Antes de que empezara la clase habíamos tenido un encuentro con la coordinadora del lugar, quien su acercó a Rojas: “yo le dije a la niña que usted era un pollito. ¿Sí o no, niña? Vea este chiquero,” dijo riéndose e intentando recoger algunos de los papeles de Luisa que se explayaban por toda la mesa. El salón de clases era, efectivamente, un reguero: a pesar de que los pupitres estaban perfectamente alineados, también aquí había un rincón en el que se apilaban cajas con cuadernos, útiles escolares y papeles viejos. De un lado del salón reposaban sobre la pared varios casilleros sin candados. Es un chiquero en grande, como formado ya no sólo por una gallina, sino por la gallina y sus cuarenta y cinco pollitos. Las paredes estaban tapizadas con pliegos enteros de cartulina que adornaban no sólo las paredes y los casilleros, sino también parte del tablero y las ventanas. Como si esta ubicación estratégica pretendiera –sin éxito– evitar que los estudiantes se distrajeran mirando afuera a los alumnos de bachillerato que saltaban lazo a esa hora en el parque.

No me había dado cuenta de que existía un “olor a colegio” hasta que entré a ese salón y sentí el olor a cartuchera, mezcla de todos los gases que emanan de la plastilina, la tinta, las témperas y el Colbón.

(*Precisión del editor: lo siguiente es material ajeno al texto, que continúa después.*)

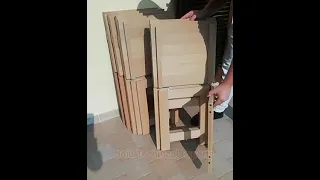 Folding Chair idea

Cuando le pregunté si tenía algún inconveniente con enseñar en este barrio, tan popular en los noticieros por su inseguridad, comparó su oficio con el de un miembro de la Cruz Roja: “es como si tuviera un chaleco que me da cierta inmunidad en el barrio”. Como el Colegio sólo acepta niños que vivan en el rango de treinta kilómetros a la redonda, no sólo son vecinos sino que hay familias enteras estudiando en la misma institución, a la que llegan caminando en manada. Ella, en cambio, se demora cuatro horas al día transportándose y, aunque anota que la ONG no le otorga subsidio de transporte –y que su sueldo de un millón al mes apenas le alcanza para pagar su celular y sus almuerzos–, también reconoce que usa ese tiempo para seguir trabajando. Según ella, Transmilenio es el lugar en donde piensa todos los días sobre como hacer nuevas cosas en la clase. “Me iba en bici a la Tadeo, pero hasta acá no me atrevo… Además mírame, ya tengo estado físico de profesora”.

La frustración de Luisa Rojas

“¿Crees que viniendo aquí le haces bien a los niños?”, pregunté en voz alta temiendo herir su idea de misión, que hasta el momento me imaginaba como una heroína indestructible y transformadora. “No sé de pedagogía” –me confesó mirándome a los ojos–, “pero sé a dónde los quiero llevar. Inglés sí es una de las cosas que les intento enseñar, pero soy consciente de que estoy formando seres humanos. Están con una persona que los escucha y cree en ellos”. A pesar de que Luisa acepta que al principio se frustraba diariamente pensando que sus niños no aprendían, afirma que ahora sí lo hacen porque ella ha cambiado su método. Un problema que noté, sin embargo, es que una niña se acercó a mí para que le escribiera en un papel “May I go to the bathroom?”, pues ella no sabía cómo pedírselo a la ticher en inglés. “Ellos empiezan a ver inglés en tercero de primaria y algunos ni siquiera tienen un piso sobre el cual yo pueda trabajar”. El objetivo de Luisa es, entonces, hacerles entender que el inglés es un factor importante en la vida práctica: “sus padres se quejan conmigo cuando ven que 300 de 375 están perdiendo la materia alegando que ‘inglés es una materia fácil, que eso es puro relleno y que no sirve para nada’”. Para combatir esta noción generalizada, la ticher recortó avisos del periódico en los que se solicitaban trabajadores con un nivel de inglés alto.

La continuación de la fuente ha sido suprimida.